Честно говоря, у меня есть лишь одна мало-мальски правдоподобная версия, объясняющая причину такой метаморфозы.

Лесотехнический институт, как уже говорилось, находился в Мытищах. Но ведь именно в Мытищах работал и Березовский-старший: главным инженером керамического завода, то есть – де-факто заместителем директора; какая ни есть, но все же номенклатура.

Сколько керамической продукции сверх лимитов отгрузил Абрам Маркович на городские стройки или для нужд самого КБ – можно только гадать.
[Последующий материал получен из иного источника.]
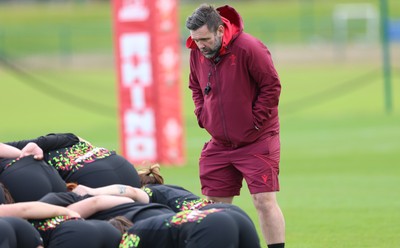 130526 - Wales Women Rugby Training - Steve Salvin, Wales Women interim forwards coach during a rugby training session ahead of their final Women’s 6 Nations match against Italy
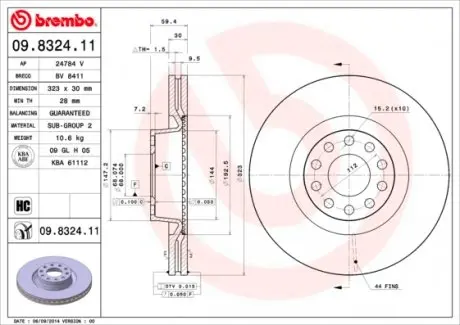 09832411 Гальмівний диск BREMBO підбір по vin на Brocar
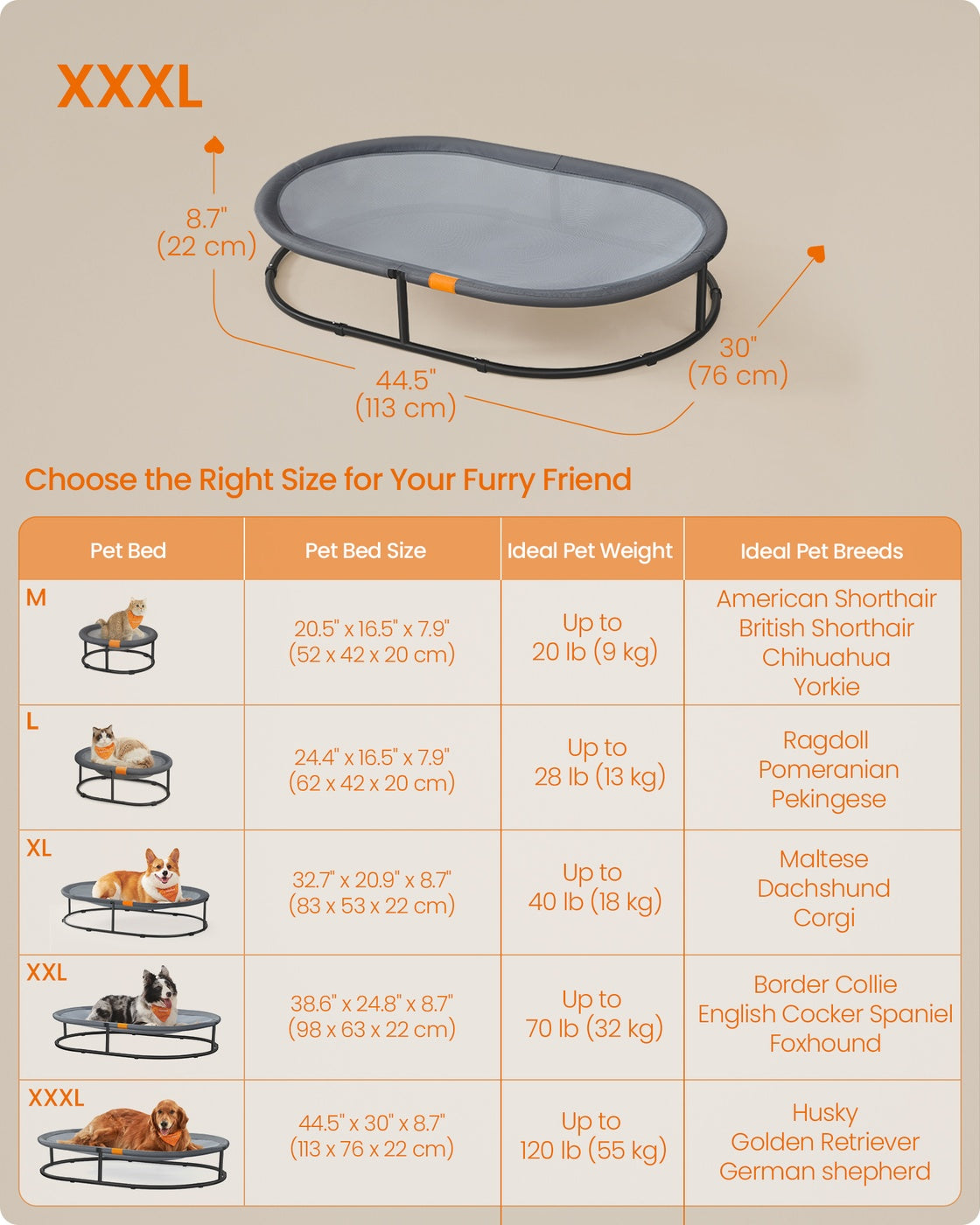 Elevated Oval Dog Bed for Small and Large Dogs Gray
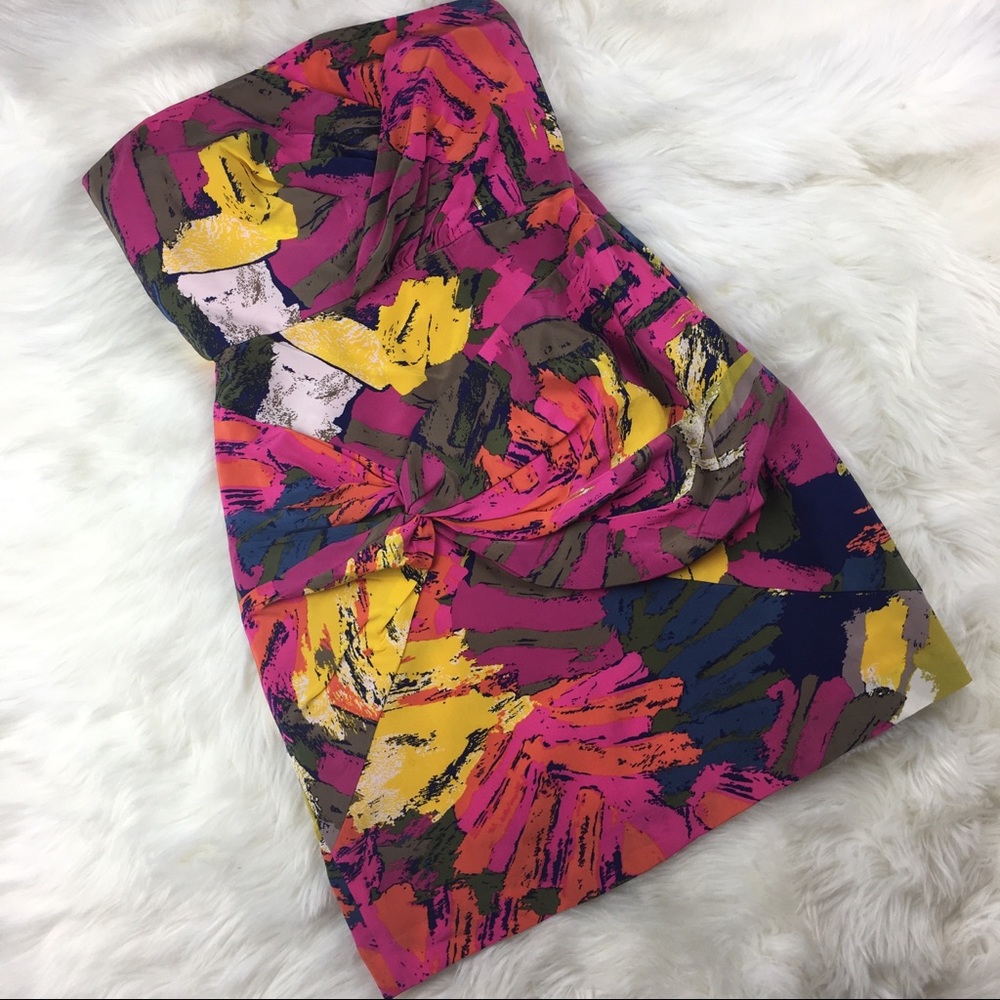 Tibi Pink Abstract Strapless Silk Dress 6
Но если мои предположения верны, то уже с самого юного возраста Березовский воочию убедился, что связи и блат прошибают любые стены; они-то и есть истинная власть…

Итак, в 1962 году Березовский поступает в институт. (Тему для вступительного сочинения он выбрал самую беспроигрышную: «Мир! Нам нужен мир!»; «Октябрь 1917 года – самая знаменательная дата в тысячелетней истории существования человечества», – так начинался этот эпохальный труд.)

Учился он вполне сносно, не выделяясь никакими исключительными талантами, разве что умением быстрее прочих решать математические задачи. Ему очень нравилось ощущать – хоть в чем-то – свое превосходство, и он всячески старался его демонстрировать, вызывая вполне понятное раздражение окружающих.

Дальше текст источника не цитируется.